[Saved entries]
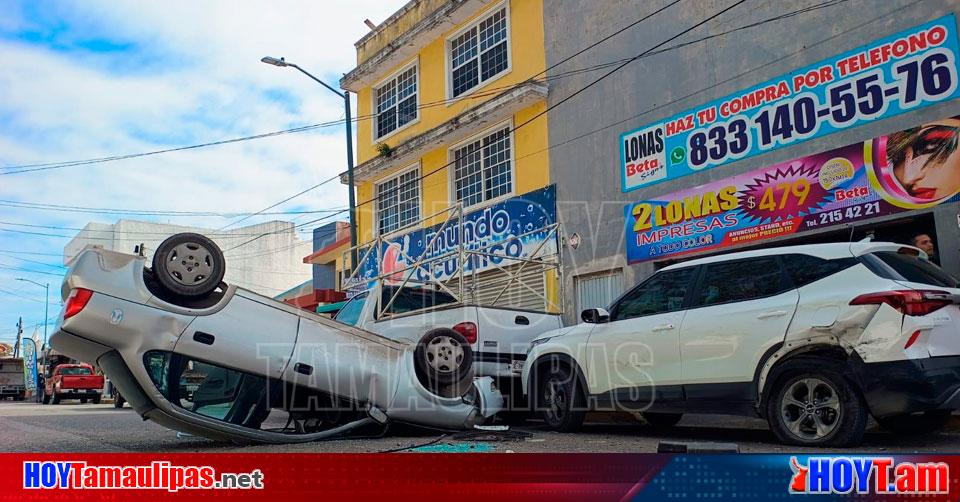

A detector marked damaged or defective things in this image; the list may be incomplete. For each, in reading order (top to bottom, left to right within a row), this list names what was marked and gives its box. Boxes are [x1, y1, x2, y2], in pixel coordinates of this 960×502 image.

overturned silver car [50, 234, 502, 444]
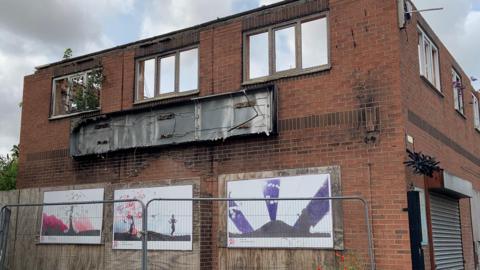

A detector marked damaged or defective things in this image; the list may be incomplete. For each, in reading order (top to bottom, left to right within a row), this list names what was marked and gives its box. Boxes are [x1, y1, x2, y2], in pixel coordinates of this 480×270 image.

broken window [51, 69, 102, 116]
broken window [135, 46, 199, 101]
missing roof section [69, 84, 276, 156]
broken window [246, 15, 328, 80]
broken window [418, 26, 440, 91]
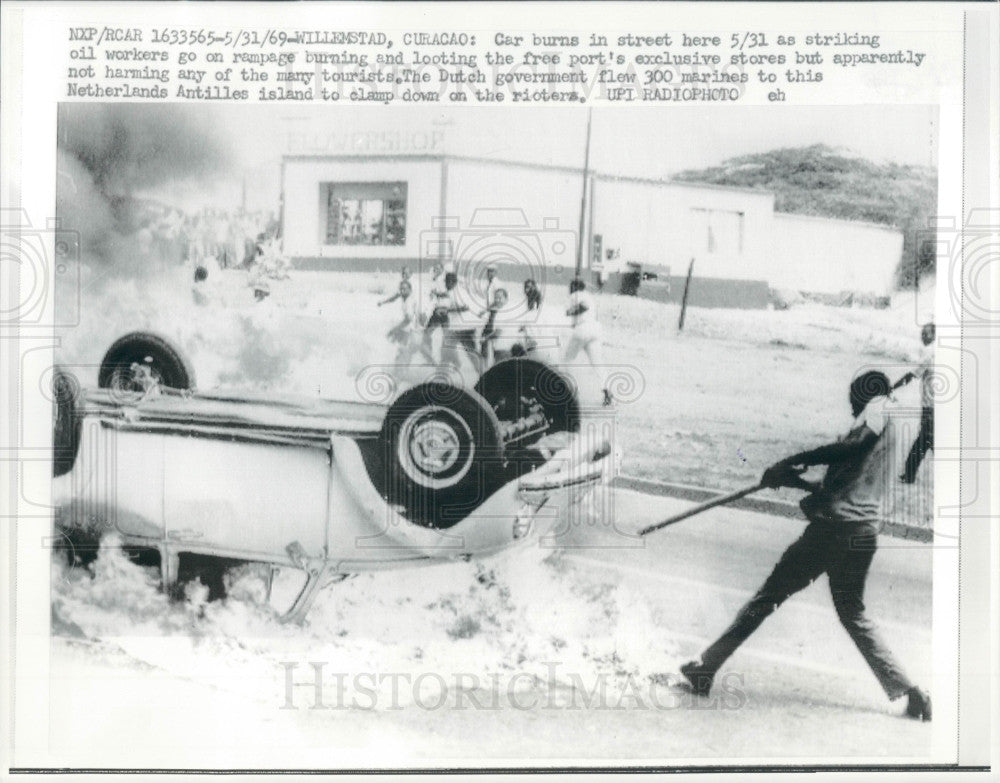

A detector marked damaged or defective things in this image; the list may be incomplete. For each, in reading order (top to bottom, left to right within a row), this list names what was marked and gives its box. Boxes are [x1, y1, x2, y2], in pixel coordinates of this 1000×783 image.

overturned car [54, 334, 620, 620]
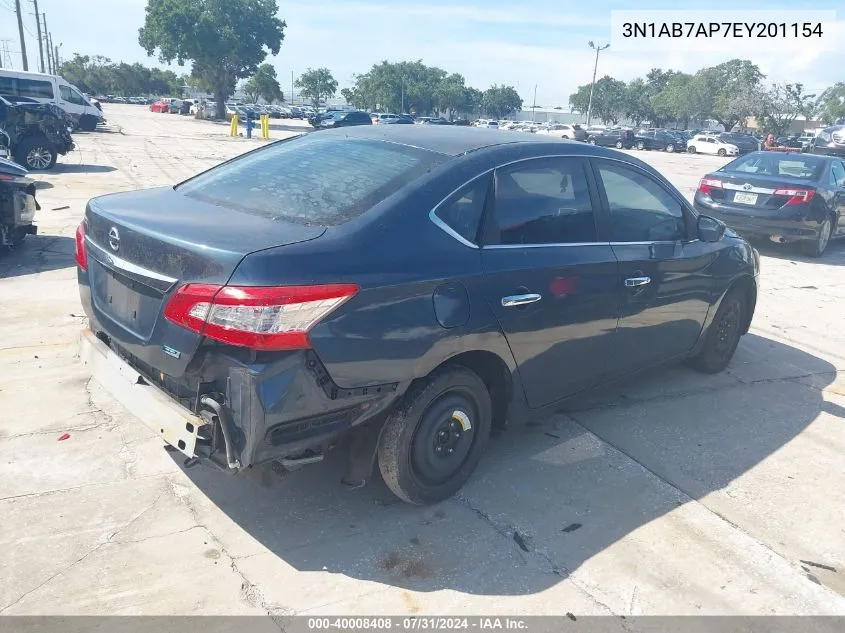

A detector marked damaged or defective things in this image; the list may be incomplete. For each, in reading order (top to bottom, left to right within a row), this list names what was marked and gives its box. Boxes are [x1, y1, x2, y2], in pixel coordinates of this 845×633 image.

* * *

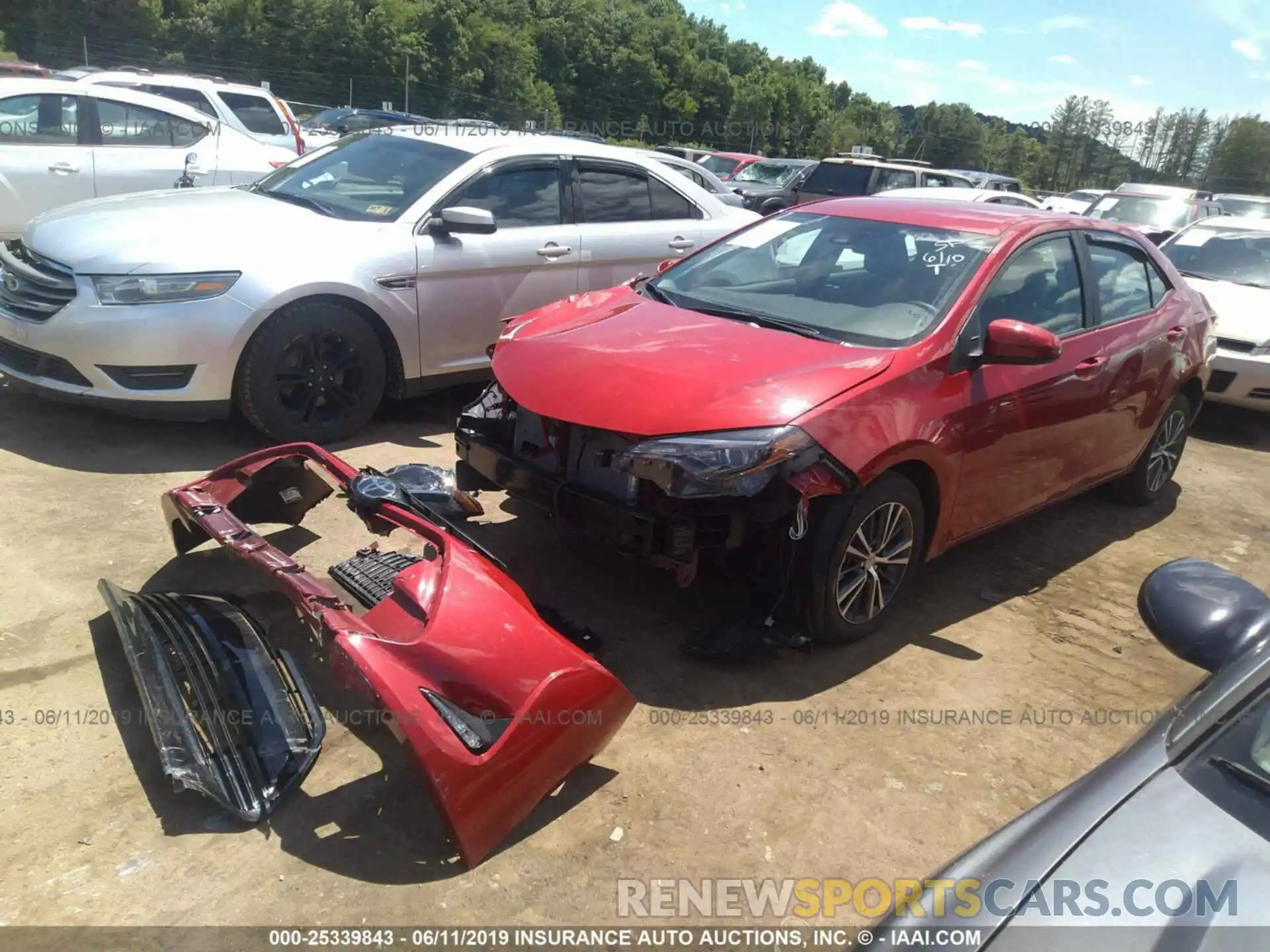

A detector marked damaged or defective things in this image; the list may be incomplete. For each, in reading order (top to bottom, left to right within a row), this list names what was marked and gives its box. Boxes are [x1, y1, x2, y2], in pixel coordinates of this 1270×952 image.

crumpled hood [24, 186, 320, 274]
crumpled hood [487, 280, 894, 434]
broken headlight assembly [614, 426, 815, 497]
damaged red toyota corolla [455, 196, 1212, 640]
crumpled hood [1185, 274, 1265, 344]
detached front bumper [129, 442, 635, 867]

* * *

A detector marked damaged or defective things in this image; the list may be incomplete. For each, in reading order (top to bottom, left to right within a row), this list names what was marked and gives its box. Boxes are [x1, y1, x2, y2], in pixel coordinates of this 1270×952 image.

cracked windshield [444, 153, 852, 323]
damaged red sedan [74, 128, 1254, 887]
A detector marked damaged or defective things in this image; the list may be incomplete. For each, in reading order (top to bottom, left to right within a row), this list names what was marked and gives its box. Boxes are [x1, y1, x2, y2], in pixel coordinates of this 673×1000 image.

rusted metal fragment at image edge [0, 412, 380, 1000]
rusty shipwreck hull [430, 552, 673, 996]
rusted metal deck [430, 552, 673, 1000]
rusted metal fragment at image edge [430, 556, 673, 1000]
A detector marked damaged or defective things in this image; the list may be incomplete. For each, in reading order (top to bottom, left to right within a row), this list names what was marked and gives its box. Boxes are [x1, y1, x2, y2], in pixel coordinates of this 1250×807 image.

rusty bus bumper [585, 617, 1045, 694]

PROBLEM TO SOLVE —
Give again the stretch of lines above from the one with "this 960×502 image." through the one with "this 845×633 image.", both ends kept, and copy no pictures.

EXPECTED OUTPUT —
A detector marked damaged or defective things in this image; the list may be incomplete. For each, in reading order (top to bottom, left to right within a row), this list names what was marked and gives its box. Boxes are [x1, y1, x2, y2], in pixel coordinates of this 960×502 image.

overturned silver car [50, 234, 502, 444]

A detector marked damaged or defective things in this image; the list may be incomplete. For each, in reading order (top to bottom, left to right within a row), this list names what was marked and gives its box. Boxes are [x1, y1, x2, y2], in pixel coordinates of this 480×270 image.

broken window [51, 69, 102, 116]
broken window [135, 46, 199, 101]
missing roof section [69, 84, 276, 156]
broken window [246, 15, 328, 80]
broken window [418, 26, 440, 91]

A detector marked damaged or defective things in this image; the list may be incomplete. For each, in reading order (top to bottom, left to right within a row), this list names what was marked and gives its box. Boxes are [x1, y1, x2, y2], in pixel coordinates of this 1000×783 image.

overturned car [54, 334, 620, 620]

A detector marked damaged or defective things in this image; the list may be incomplete. For each, in reading order (top to bottom, left to right within a row), this list names what was marked and gives its box. Boxes are [x1, y1, x2, y2], in pixel coordinates of this 845×633 image.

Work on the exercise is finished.